Note that the instruction name really is almost 400 characters long; the backslashes are here only for display purposes! Also note that the instruction itself is 53 bytes long, almost as long as the longest VAX instruction (EMODH, 54 bytes) and much longer than the longest x86 instruction (15 bytes)

Instruction Handler Obfuscation

You can split up the generated interpreter by inserting opaque predicates. This is useful to make the instruction handlers and the dispatch logic less conspicuous.

VPC Obfuscation

You can add opaque expressions to the virtual PC to make it more difficult to find.
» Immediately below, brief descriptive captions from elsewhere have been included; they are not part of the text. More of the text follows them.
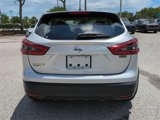 Used 2021 Nissan Rogue Sport S image 6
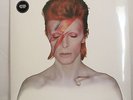 David Bowie ALADDIN SANE Remastered 180G  VINYL  New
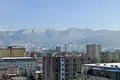 Mieszkanie 2 pokoi 57 m² Batumi, Gruzja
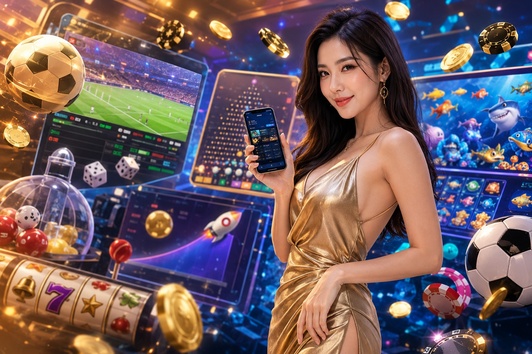 babu88app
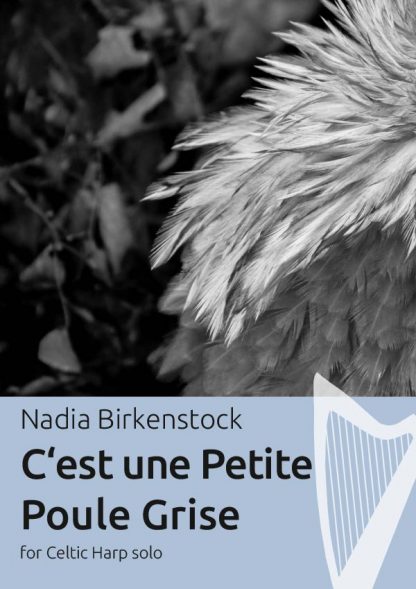 Cest_une_Petite_Poule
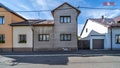Prodej rodinného domu 166 m², Příbram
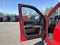 2016 Chevrolet Silverado 1500 LT LT2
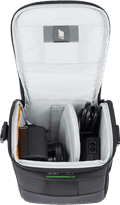 Lowepro Adventura Go SH 120 null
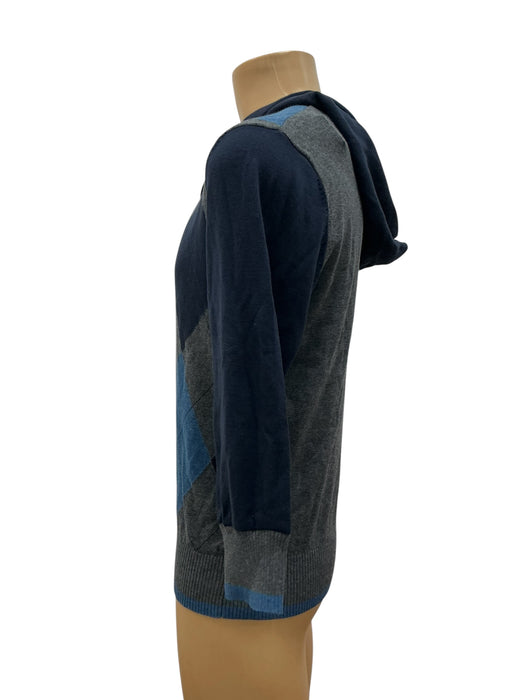 Sueter S ( TOMMY HILFIGER)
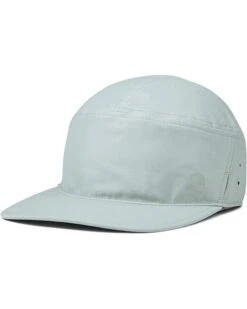 Sunday Afternoons Sunward Radar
One possible attack on interpreters is to perform a taint analysis on input-dependent variables, and discard any instructions which are not tainted (input dependent instructions are colored green, and instructions introduced by the virtualizer are colored blue):

To frustrate such analyses we can add implicit flow to the VPC:

Bogus Functions

Generate bogus functions that are virtualized along with the "real" function. Instructions from the bogus and real function are executed cyclically and in sequence, i.e. first an instruction from the real function, then one from bogus function number 1, then one from bogus function number 2, etc., and then the process repeats with an instruction from the real function. The purpose is to frustrate dynamic analyses that try to locate the virtual program counter, by providing multiple VPCs, one "real", and one or more that behave as if they were real, but which interpret unused functions:

Bogus Loops

Add random computations to every iteration of the dispatch loop. Use this to frustrate dynamic analysis by

inserting bogus instructions between consecutive iterations of the dispatch loop, thereby making the dispatch harder to recognize;
making traces longer and thereby harder to store and analyze.

Reentrant Interpreters

Make interpreters that can execute a few instructions, return, and later resume to execute a few more instructions, until, eventually, they terminate. This is particularly useful when it is not important exactly when the a piece of code executes, as long as it executes eventually, and where the stealthiness of the computations is paramount.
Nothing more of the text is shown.